Pascual continued, “Why? Well, it is not hard to imagine a consumer letting their guard down when they receive an email about the exact product they were just searching for — say, baby diapers. That’s especially true if that email only asks for the consumer’s phone number, address, baby’s name, and birthdate to send future discounts. Of course, criminals would be using the email as a cover for collecting personal information on the consumer and their family. Alternatively, the criminal could take a bolder tact and set up a checkout page for discounted bundles of baby diapers to collect card data. These are only a couple of examples, but at the end of the day, it is all about abusing the trust that consumers have in CVS to further acts of fraud.”
STEPS TO PROTECT AGAINST PHISHING SCHEMES
When sending phishing scams, hackers are after more sensitive information, such as logins and payment information, or can easily penetrate your devices by embedding malware in the email. Follow these four steps from the Federal Trade Commission (FTC) to safeguard your information from phishing:
- Use security software to protect your devices and set up automatic updates.
- Protect your mobile devices and tablets with mobile threat protection to defend against security threats.
- Set up two-factor authentication (2FA) on all online accounts, so an extra layer of validation with a one-time code is needed to gain access.
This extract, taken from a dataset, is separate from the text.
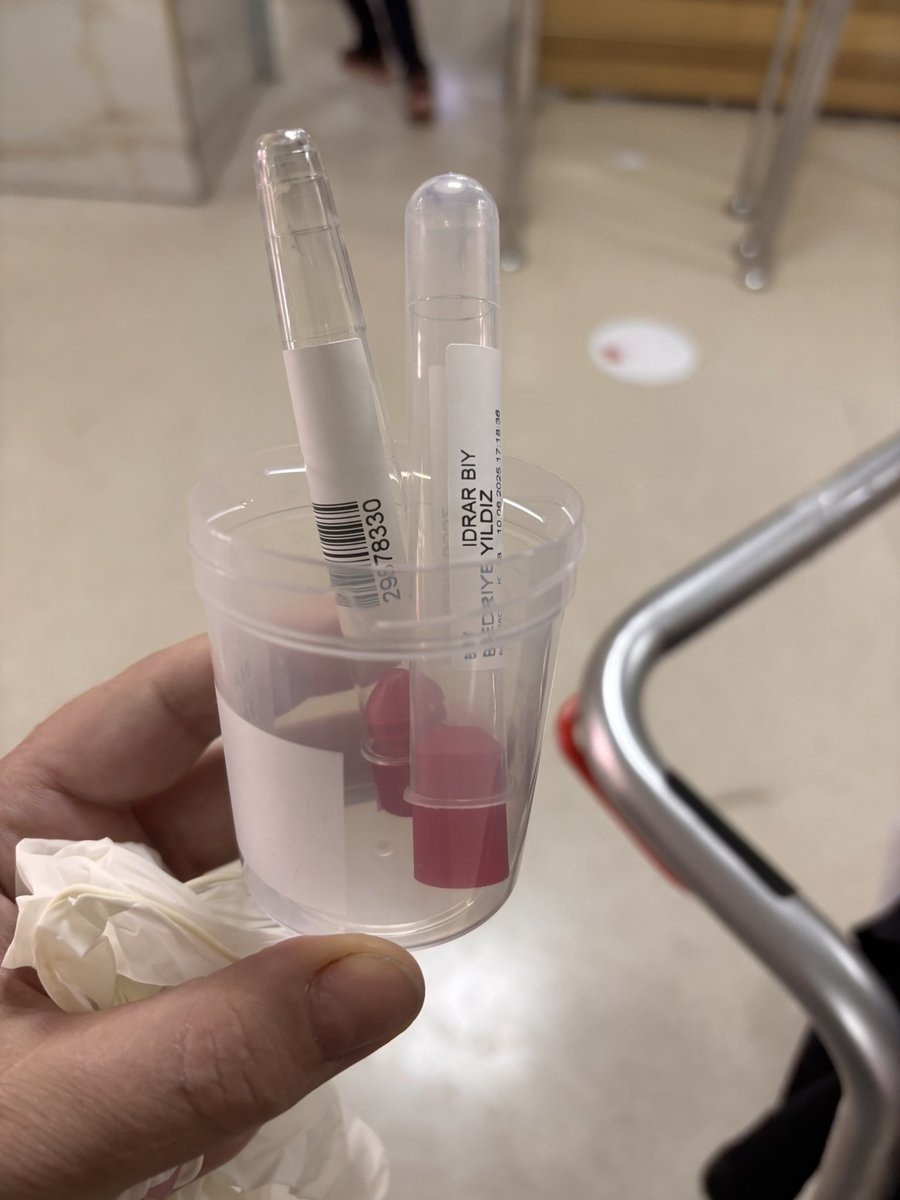 #GAÜN tıp fakültesiBu kutuyu eline verip içine çiş yap ve tekrar o tüplere doldur diyorlar.77 yaşında tekerlekli sandalyede  düşme problemi yaşayan hastaya diyorlar. Bu bir sağlık ve hijyen skandalı. İnsanlar bu kadar değersiz mi, çişiyle oynasınlar <a href="/TCSaglikBknligi/">TC Sağlık Bakanlığı</a>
- Back up all data by copying your computer files and mobile device data to an external hard drive or cloud storage.
Consider these additional tips to protect against phishing scams:
- Set up criminal marketplace scanning to identify where your other sensitive data are already available — which could be combined with your breach records to conduct fraud in your name. These types of services may be included in an identity theft protection service.
- Keep a close eye on all emails you receive and never click on the link or call the phone numbers provided in the email. Instead, navigate directly to the organization’s website and call the customer service number listed there.
- Set up your email inbox to filter out spam and phishing mail.
- Hover your mouse over a link to verify that it is going where you expect it to before you click.